Ein wiederkehrendes Muster bei Bauvorhaben, so das Urteil der Naturschutzverbände: Es werde regelmäßig ein viel zu oberflächliches Artenschutzgutachten vom Vorhabenträger angefertigt, das nach der Intervention von Naturschutzverbänden überarbeitet werden müsse. Die damit einhergehenden verpflichtenden Ausgleichs- und Ersatzmaßnahmen nach Bundesnaturschutzgesetz werden dann nur unvollständig und/oder nicht rechtzeitig umgesetzt, weswegen die Naturschutzverbände erneut intervenieren müssen. „Dann heißt es aus der Politik, der Natur- und Artenschutz wäre der Grund für die Bauvorzögerungen.

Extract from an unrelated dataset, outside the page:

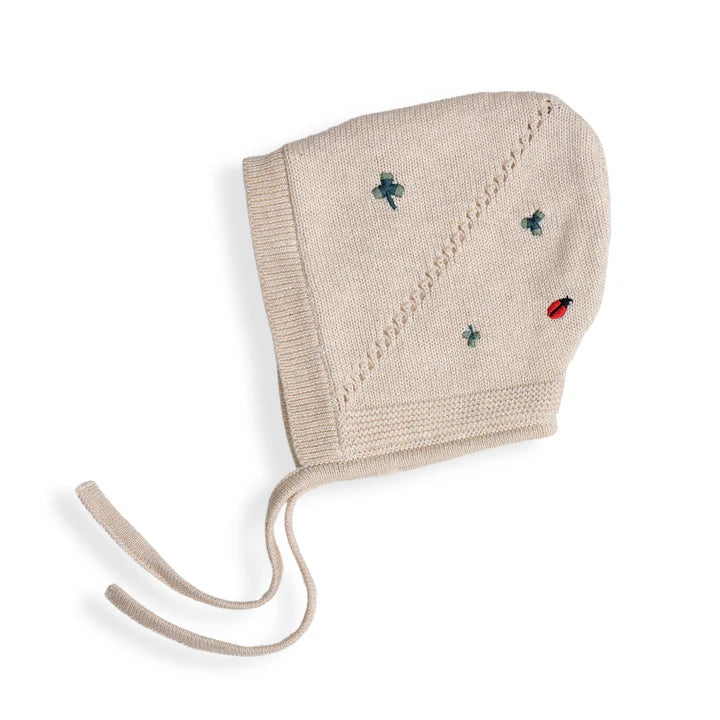 BONNET CLOVER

Die Gründe für die Verzögerungen liegen aber in der Unkenntnis der Gesetze oder im ausgeprägten Unwillen, sie auch zu befolgen.“

Geltende Gesetze von Beginn an berücksichtigen

„Dass selbst bei Vorhaben der öffentlichen Hand immer wieder die geltende Gesetzgebung nicht berücksichtigt wird, ist erschreckend und wirft Fragen auf. Die geplanten Änderungen im Rahmen des Schneller-Bauen-Gesetzes werden an der Verpflichtung, das Bundesnaturschutzgesetz und weitere zu befolgen, nichts ändern. Wenn die geltenden Gesetze – auch aus dem Natur- und Artenschutz – von Anfang an berücksichtigt werden, kommt es auch nicht zu Verzögerungen der Bauvorhaben“, sagt Dirk Schäuble, Naturschutzreferent beim BUND Berlin.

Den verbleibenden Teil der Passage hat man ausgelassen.